TUXTEPEC, OAX.- A un año de las reformas al código penal en la entidad que endurecieron las sanciones a los delitos de acoso y hostigamiento sexual, continúan persistiendo este tipo de delitos debido a la impunidad de la denuncia, pues el primer obstáculo que se enfrenta en estos casos siguen siendo las instancias donde se reciben las denuncias, pues siempre se cuestiona a las víctimas sobre su forma de ser, de vestir y comportarse.

El abogado penalista, Pablo Mariono Ibañez, dijo al respecto que actualmente el código penal castiga hasta con cuatro años de prisión a quien con piropos, silbido y frotamientos, acose sexualmente a una persona. Lo mismo prohíbe realizar silbidos, expresiones verbales y/o gestuales de carácter sexual; exhibir y realizar tocamientos, roces o cualquier frotamiento contra el cuerpo de la víctima.

Por lo cual el delito se castigará con prisión de dos y hasta cuatro años y multa de 100 a 200 veces el valor de la Unidad de Medida y Actualización, además la pena aumentará hasta en una tercera parte cuando se cometa por dos o más personas, y cuando exista seguimiento y persecución.
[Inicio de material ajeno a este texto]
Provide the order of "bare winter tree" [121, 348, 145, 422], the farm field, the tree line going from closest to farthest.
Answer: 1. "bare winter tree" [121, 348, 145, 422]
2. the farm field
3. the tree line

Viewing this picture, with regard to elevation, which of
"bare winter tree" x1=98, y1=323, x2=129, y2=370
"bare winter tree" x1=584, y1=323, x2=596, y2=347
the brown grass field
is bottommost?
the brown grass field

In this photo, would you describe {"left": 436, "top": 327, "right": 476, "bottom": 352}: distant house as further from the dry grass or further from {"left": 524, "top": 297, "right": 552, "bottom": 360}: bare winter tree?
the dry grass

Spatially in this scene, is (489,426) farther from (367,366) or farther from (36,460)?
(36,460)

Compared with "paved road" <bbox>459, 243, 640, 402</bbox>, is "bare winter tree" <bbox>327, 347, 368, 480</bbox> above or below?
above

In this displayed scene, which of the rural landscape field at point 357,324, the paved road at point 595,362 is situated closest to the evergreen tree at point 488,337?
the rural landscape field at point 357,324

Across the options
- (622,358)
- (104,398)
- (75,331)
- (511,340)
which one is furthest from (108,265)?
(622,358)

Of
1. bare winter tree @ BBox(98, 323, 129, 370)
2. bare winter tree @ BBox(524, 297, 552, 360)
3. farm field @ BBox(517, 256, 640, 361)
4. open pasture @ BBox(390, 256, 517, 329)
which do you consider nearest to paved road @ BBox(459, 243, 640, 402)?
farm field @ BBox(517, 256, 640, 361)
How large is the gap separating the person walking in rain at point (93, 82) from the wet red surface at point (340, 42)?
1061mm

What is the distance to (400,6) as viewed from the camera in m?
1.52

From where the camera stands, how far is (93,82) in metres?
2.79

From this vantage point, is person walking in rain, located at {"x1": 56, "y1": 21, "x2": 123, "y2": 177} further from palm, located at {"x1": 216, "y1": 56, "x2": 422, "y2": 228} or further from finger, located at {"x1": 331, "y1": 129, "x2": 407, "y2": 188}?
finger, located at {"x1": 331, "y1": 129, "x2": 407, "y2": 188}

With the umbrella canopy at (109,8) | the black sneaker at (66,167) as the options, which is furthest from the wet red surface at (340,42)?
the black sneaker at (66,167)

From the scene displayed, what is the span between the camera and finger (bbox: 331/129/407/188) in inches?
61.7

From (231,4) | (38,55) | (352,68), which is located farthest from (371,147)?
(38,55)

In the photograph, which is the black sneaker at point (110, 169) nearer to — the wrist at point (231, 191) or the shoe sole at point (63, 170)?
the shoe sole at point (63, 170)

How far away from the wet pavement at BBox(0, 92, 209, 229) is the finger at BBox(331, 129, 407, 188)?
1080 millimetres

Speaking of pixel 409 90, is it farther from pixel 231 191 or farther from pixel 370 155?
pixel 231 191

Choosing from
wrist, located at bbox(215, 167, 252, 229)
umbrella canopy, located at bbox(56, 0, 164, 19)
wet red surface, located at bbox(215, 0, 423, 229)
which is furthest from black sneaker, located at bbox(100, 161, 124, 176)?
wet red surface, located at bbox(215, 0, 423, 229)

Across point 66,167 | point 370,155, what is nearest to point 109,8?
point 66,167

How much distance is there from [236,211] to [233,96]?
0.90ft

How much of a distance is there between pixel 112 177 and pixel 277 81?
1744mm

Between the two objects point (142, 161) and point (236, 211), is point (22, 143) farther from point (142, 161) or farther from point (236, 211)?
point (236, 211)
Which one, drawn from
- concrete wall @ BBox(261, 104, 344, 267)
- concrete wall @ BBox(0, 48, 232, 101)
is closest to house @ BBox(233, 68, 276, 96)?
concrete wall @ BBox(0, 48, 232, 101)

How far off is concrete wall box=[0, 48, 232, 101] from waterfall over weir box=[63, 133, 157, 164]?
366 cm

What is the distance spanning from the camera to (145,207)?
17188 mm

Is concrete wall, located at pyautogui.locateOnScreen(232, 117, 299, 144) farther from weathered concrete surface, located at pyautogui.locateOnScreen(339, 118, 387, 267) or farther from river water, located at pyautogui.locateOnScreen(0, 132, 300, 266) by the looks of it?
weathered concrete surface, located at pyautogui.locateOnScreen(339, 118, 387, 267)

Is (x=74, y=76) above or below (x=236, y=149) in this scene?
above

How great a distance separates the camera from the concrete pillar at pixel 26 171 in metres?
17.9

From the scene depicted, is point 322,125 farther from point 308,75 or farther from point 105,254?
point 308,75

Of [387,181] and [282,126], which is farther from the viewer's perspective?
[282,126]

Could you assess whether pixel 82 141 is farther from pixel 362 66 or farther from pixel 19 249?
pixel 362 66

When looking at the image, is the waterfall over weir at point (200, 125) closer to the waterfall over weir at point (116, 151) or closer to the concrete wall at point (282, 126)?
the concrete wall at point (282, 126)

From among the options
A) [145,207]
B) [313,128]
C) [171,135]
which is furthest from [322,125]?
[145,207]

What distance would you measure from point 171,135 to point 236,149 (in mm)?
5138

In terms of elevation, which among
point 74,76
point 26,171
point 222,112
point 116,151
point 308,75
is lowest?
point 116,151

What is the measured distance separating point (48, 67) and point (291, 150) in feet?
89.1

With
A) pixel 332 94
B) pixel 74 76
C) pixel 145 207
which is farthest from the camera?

Y es que señala que todas las formas y expresiones de violencia sexual son actos abusivos de poder porque no son consentidos por la víctima y tiene como finalidad someter a quienes los enfrentan. Por lo que uno de los problemas frecuentes dentro de la sociedad, es que se confunde el acoso con el hostigamiento.
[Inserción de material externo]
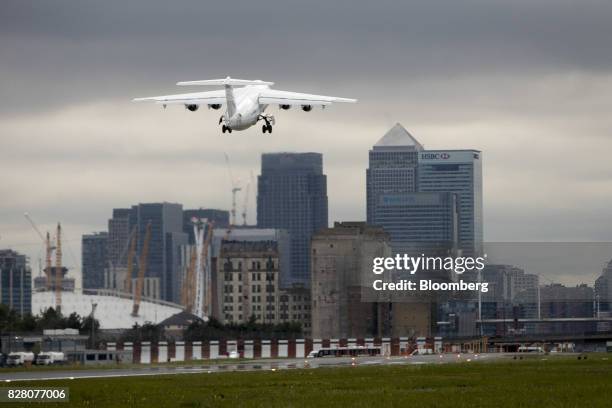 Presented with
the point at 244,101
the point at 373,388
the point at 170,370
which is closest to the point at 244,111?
the point at 244,101

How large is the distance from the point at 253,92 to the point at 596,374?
44170mm

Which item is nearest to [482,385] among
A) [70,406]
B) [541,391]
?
[541,391]

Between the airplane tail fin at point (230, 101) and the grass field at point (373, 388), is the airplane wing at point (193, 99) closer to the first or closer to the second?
the airplane tail fin at point (230, 101)

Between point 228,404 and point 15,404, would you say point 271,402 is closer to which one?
point 228,404

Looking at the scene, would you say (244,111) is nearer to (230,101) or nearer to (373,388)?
(230,101)

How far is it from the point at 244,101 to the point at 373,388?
43.4m

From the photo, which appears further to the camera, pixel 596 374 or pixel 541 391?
pixel 596 374

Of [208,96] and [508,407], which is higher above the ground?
[208,96]

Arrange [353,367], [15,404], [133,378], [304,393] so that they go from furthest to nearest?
[353,367]
[133,378]
[304,393]
[15,404]

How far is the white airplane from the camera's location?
138 metres

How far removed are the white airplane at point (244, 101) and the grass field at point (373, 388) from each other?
21040 millimetres

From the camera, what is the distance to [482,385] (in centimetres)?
10425

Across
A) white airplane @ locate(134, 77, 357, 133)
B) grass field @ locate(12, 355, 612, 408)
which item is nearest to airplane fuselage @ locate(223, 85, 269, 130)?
white airplane @ locate(134, 77, 357, 133)

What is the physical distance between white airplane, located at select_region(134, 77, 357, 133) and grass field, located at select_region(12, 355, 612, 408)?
69.0ft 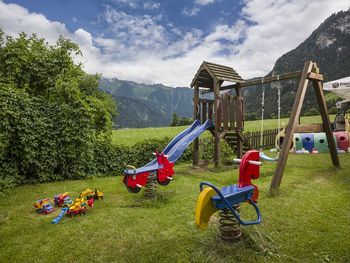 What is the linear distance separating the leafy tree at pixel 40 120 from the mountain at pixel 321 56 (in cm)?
9459

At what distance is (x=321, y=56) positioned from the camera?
128m

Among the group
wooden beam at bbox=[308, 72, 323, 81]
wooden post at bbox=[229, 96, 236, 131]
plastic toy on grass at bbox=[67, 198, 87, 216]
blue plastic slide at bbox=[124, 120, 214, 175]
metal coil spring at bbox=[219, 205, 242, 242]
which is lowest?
plastic toy on grass at bbox=[67, 198, 87, 216]

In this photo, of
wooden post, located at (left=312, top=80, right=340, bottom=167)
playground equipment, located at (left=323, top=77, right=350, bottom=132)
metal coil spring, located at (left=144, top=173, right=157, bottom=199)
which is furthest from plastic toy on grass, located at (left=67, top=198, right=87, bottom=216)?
playground equipment, located at (left=323, top=77, right=350, bottom=132)

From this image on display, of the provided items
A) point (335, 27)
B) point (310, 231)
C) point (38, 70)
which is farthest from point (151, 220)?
point (335, 27)

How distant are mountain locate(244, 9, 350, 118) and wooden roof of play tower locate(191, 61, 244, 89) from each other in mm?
90801

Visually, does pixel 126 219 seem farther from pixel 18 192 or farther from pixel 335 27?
pixel 335 27

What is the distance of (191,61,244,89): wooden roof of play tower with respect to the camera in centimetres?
1089

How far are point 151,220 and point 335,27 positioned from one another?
180 m

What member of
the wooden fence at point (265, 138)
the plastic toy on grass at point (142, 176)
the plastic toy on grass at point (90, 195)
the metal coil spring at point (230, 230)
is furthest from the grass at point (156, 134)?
the metal coil spring at point (230, 230)

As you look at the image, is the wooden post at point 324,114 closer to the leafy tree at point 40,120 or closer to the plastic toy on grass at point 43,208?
the leafy tree at point 40,120

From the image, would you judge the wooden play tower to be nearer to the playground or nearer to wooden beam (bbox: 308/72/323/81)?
the playground

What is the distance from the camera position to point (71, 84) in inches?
395

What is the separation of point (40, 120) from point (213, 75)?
697cm

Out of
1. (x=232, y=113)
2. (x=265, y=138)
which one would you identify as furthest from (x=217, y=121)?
(x=265, y=138) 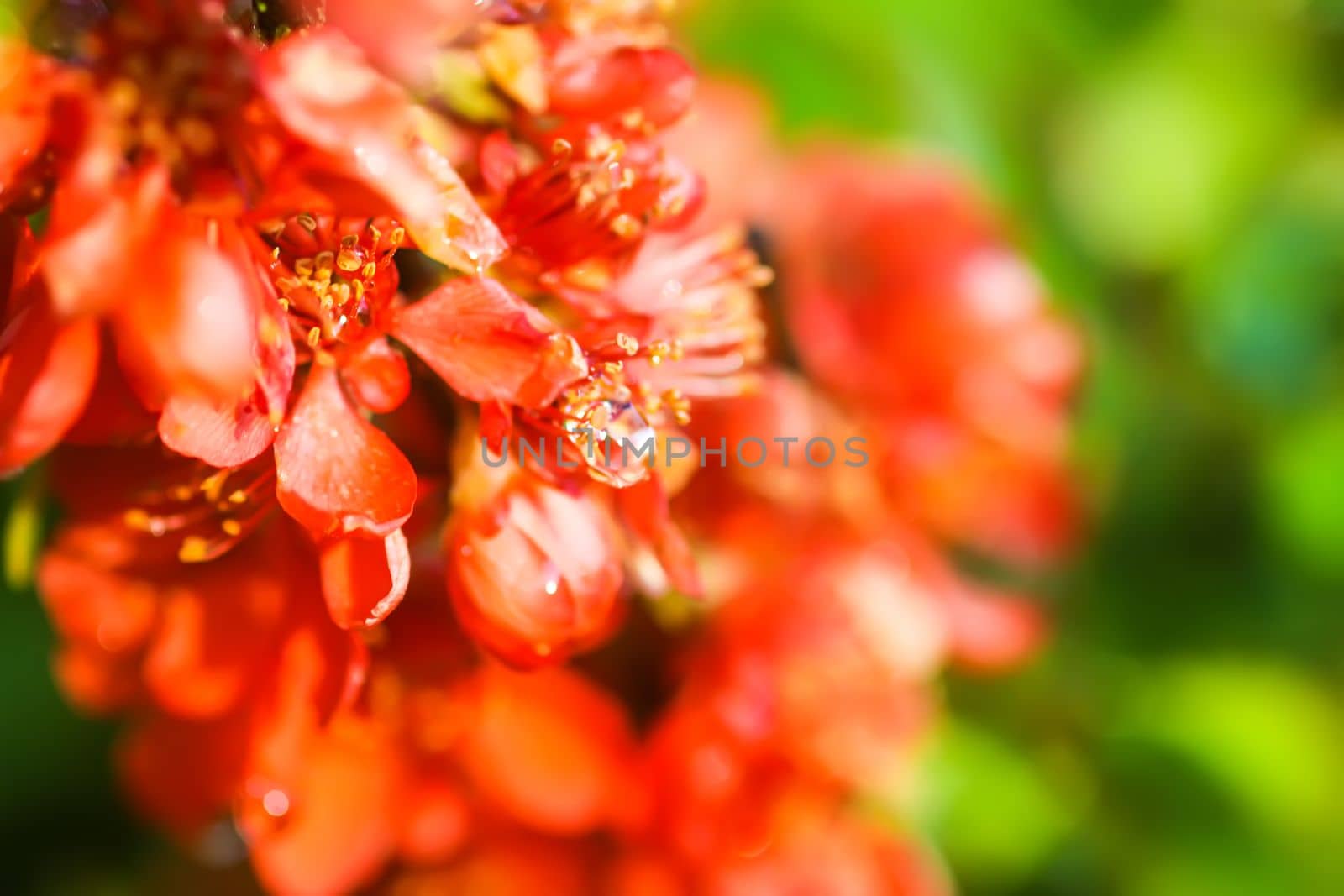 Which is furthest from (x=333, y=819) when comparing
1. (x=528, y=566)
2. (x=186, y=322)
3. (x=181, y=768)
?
(x=186, y=322)

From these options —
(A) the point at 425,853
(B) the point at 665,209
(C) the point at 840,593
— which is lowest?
(A) the point at 425,853

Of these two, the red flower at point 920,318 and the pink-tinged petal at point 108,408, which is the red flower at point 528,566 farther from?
the red flower at point 920,318

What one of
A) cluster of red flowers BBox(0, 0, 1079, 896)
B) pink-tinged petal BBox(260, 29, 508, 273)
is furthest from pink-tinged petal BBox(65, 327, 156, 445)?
pink-tinged petal BBox(260, 29, 508, 273)

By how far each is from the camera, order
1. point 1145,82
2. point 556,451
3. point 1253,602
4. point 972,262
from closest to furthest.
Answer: point 556,451
point 972,262
point 1253,602
point 1145,82

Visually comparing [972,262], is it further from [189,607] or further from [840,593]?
[189,607]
En el primer caso, explicó que se presenta cuando no hay una superioridad jerárquica entre la víctima y el victimario, en el hostigamiento existe una superioridad jerárquica, por ejemplo en el trabajo o en la escuela.

De manera que es lamentable que cuando las mujeres llegan a hacer denuncias de acoso sexual y hostigamiento sexual, el primer obstáculo con el que se enfrentan es que siempre se les revictimiza en donde se reciben las denuncias porque no creen en sus palabras, reiteró, lo que genera en las mujeres que acuden hacer la denuncia, un bloqueo que no les permite acceder a la justicia.

El hecho de que a las mujeres se les siga culpabilizando es el obstáculo más grande con el que se enfrentan no sólo en las instancias de procuración de justicia sino también dentro de su entorno social. Utilizar la vergüenza pública ha sido la única forma de sancionar a los agresores.